Your answer must be the lines from the one containing "ROSQUINHA MABEL 600GR LEITE" through the last line below, copied exactly, with no pictures.

> _Supplied material_:
▬▬▬

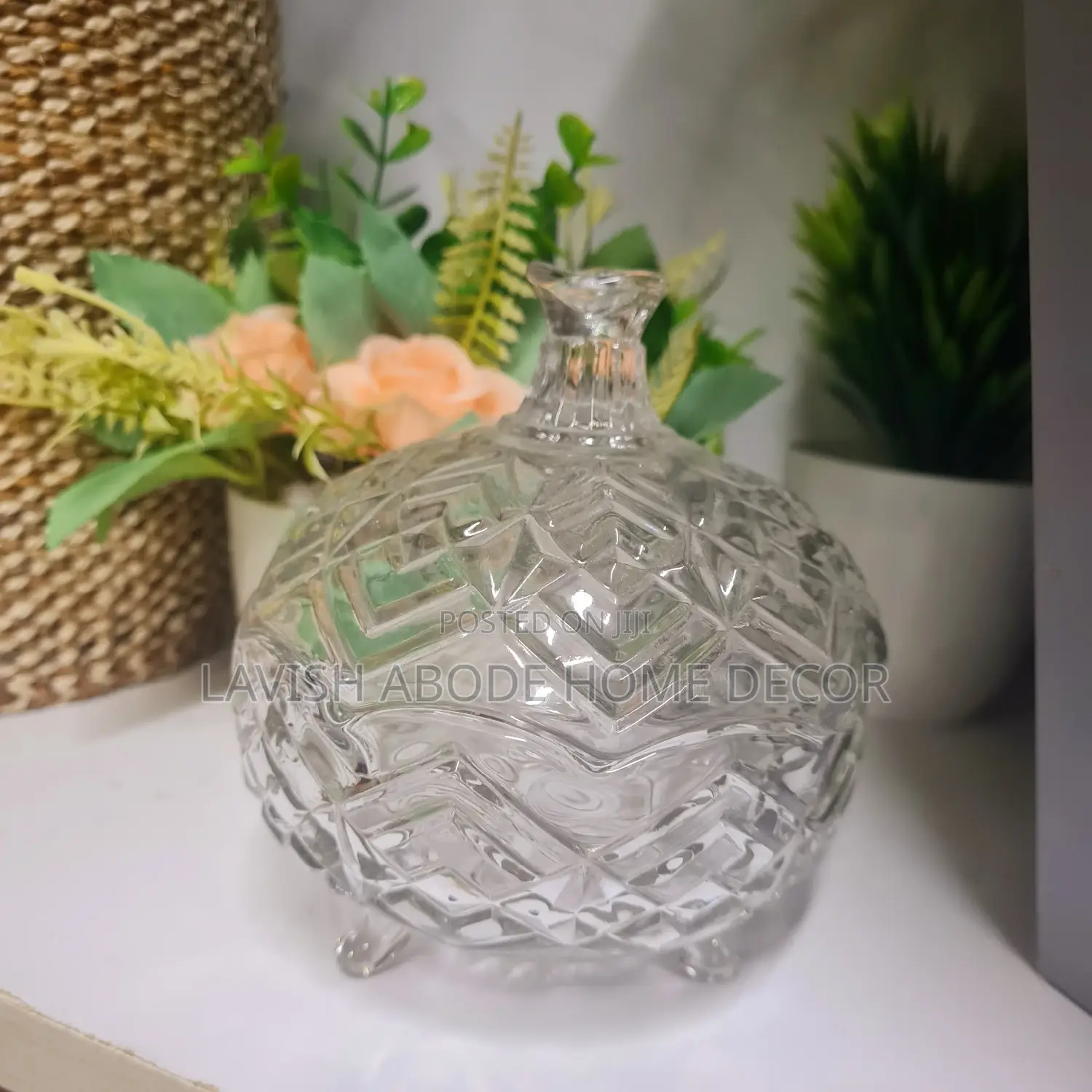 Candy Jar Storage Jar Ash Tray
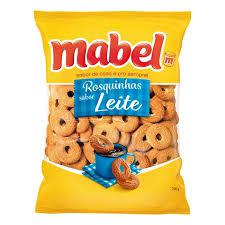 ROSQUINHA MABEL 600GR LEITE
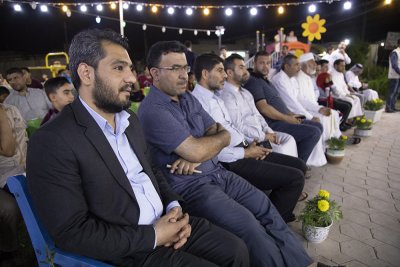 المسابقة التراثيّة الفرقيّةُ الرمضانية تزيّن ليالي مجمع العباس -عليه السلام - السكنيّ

▬▬▬

> _Written solution_:
 ROSQUINHA MABEL 600GR LEITE
 المسابقة التراثيّة الفرقيّةُ الرمضانية تزيّن ليالي مجمع العباس -عليه السلام - السكنيّ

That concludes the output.